What particular challenges are there in Afghanistan in terms of international cooperation, i.e. Switzerland's efforts in this area?
Until August 2021, Afghanistan was one of the countries most dependent on foreign aid, which accounted for around 75% of its state budget. This international helpline was abruptly stopped on 15 August 2021. Most of the new Taliban ministers are on international sanctions lists, so the whole country is de facto under sanction. Afghanistan's financial system has collapsed and confidence in the banking sector has been shaken. For the SDC, it means we have to be even more careful in all our financial transactions so that we do not violate any regulations on sanctions, money laundering or terrorist financing. In this regard, being able to rely on our existing local network is especially important.
How can international cooperation activities be carried out in practice?

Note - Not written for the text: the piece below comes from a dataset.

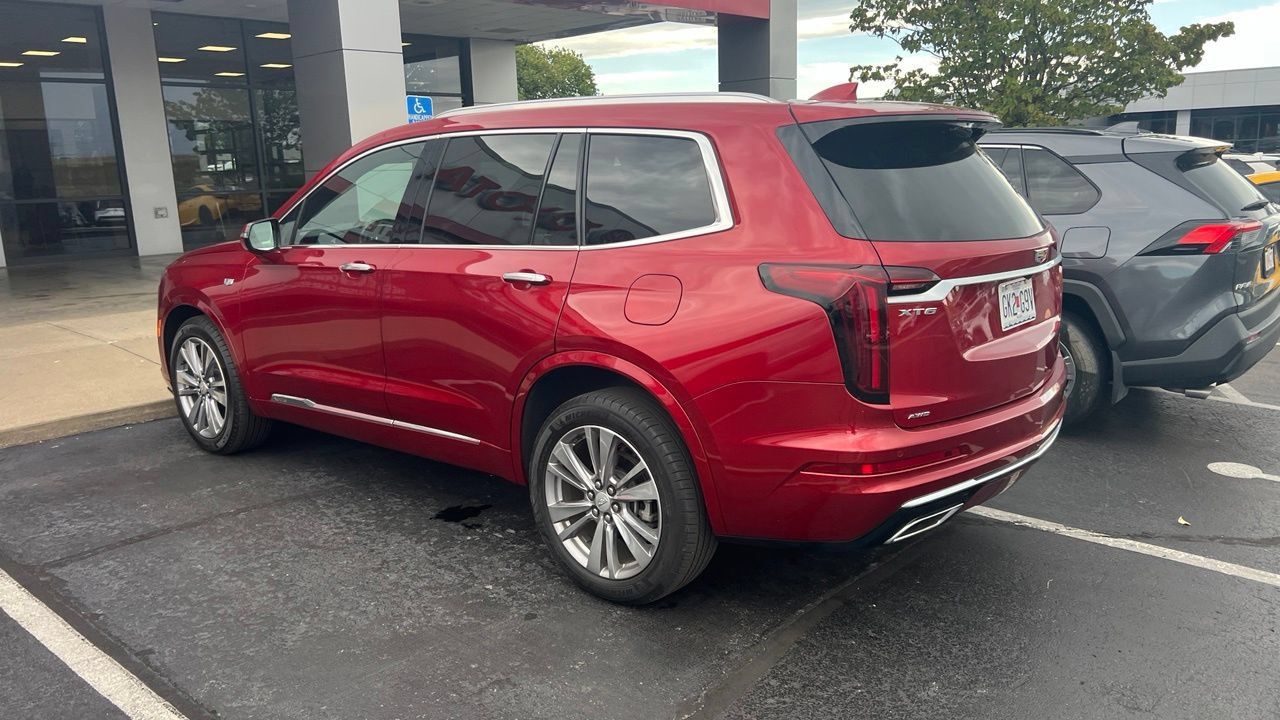Used 2023 Cadillac XT6 Premium Luxury AWD/4WD image 6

In the first few months following the evacuation this was, of course, very hard: the situation was not only confusing but also uncertain. Exchanges with our local and regional partners could only take place online. Since the start of this year, we've been able to start making short trips to Afghanistan again. These visits are extremely important for us. First, they help us understand all the different elements of what's actually happening on the ground, what people's living conditions are like, and what the needs and possibilities are. Second, they're invaluable opportunities to meet with local and regional organisations in order to discuss and initiate projects. These networks and the control mechanisms we've been setting up mean that we can ensure our help is really getting through, even from a distance.